Alice in Chains
1000 Recordings to Hear Before You Die + 1001 Albums You Must Hear Before You Die
Many a musician has found themselves wound up in an addiction to heroin, including several we’ve already looked at. Some have found inspiration in the drug, and so many more have found destruction. I would argue that Alice in Chains was more profoundly influenced by heroin than any other band in history. Two of the members who were with the band during “Dirt” later died in overdoses. As horrible as it sounds, heroin also served as a muse for the group’s best music.
If you listen to both “Dirt” and the band’s debut, “Facelift,” you notice an audible change in attitude. Both albums focus heavily on drug use, but “Facelift” (although never happy per se) takes a more rock ‘n’ roll attitude towards addiction. On “Dirt,” the band seems to realize that these habits would eventually result in their demise, and as a result, the mood is even darker than before.
The songs on drugs and mortality are the most prominent. “Them Bones” kicks off the album with looming chords and a fantastic, dark solo from guitarist Jerry Cantrell. “Rain When I Die” and “Hate To Feel” showcase vocalist Layne Staley’s brutal honesty on the matter, the latter featuring him lamenting “All this time I swore I’d never be like my old man.”
Even when the band didn’t focus on the drugs, the subject matter was just as dark and equally based in truth. Single “Rooster” details Cantrell’s father’s time in Vietnam, the unusually confrontational “Dam That River” is Cantrell’s reaction to drummer Sean Kinney smashing a glass tabletop over his head during a fight, and “Would?” (which features an amazing opening bass line from Mike Starr) is an ode to deceased Mother Love Bone vocalist Andrew Wood.
Aside from personal experience, the quality that made Alice in Chains great was the chemistry between Cantrell and Staley, who shared similar struggles, which allowed Cantrell to write guitar parts that were perfect accompaniments to Staley’s prose, plus the harmonies that the two shared.
The chemistry would be short lived however. Despite releasing several EPs and one more full length album, the band never lived up to its earlier work.
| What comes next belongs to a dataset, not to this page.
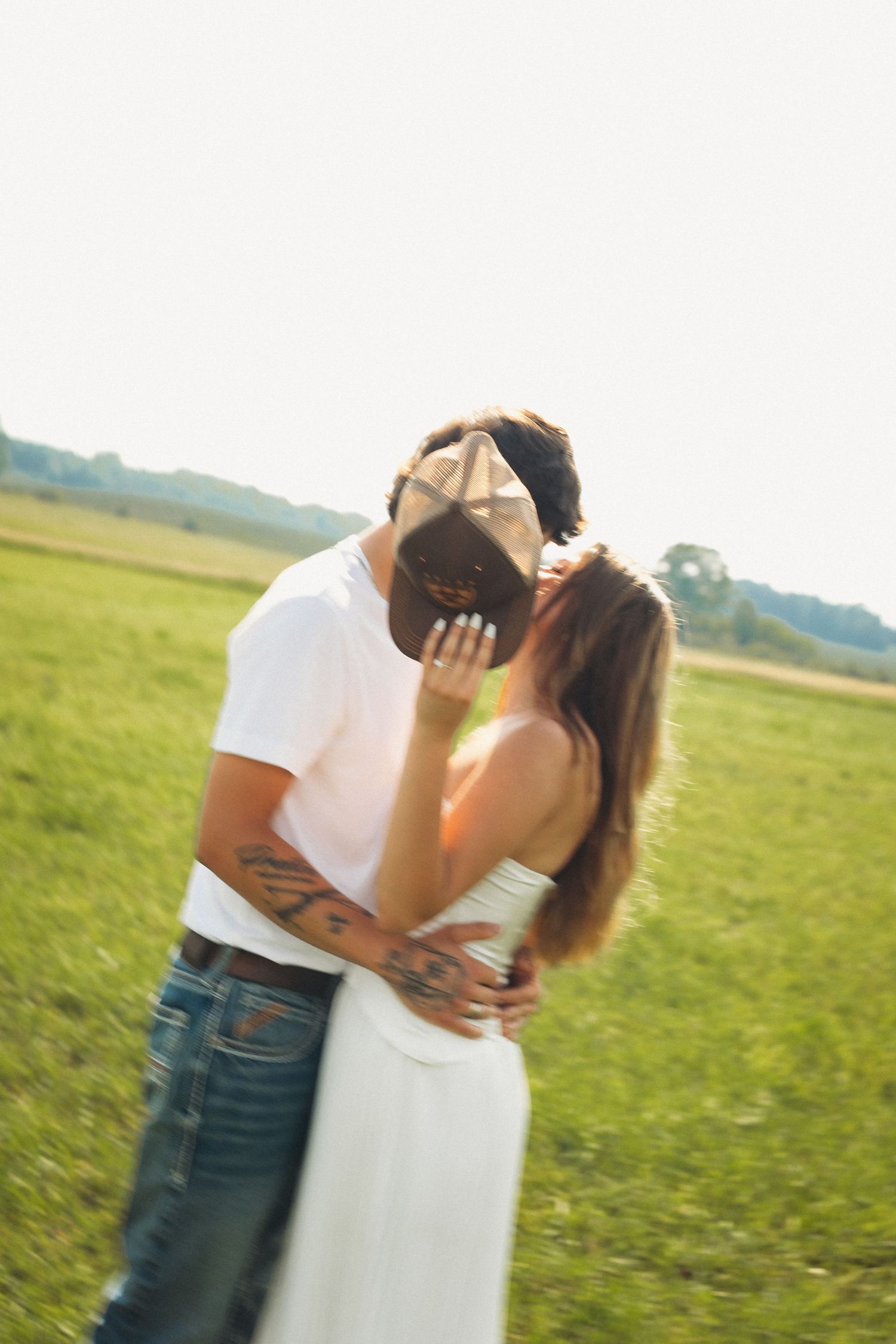 Couple kissing in a sunlit green field, man with tattoos in white tee and jeans, woman in white dress.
Staley would separate from the band and die in 2002. Starr would die in 2011. Cantrell and Kinney are clean and released a new AIC record in 2009. I’m honestly glad that those two turned their lives around, but it is with guilt that I confess that the group’s best work came under the supervision of addiction.
INTERESTING FACT: “Intro (Dream Sequence)” is a short track based around a riff Cantrell would play to annoy his fellow band mates. He agreed to never play it again if it made the album.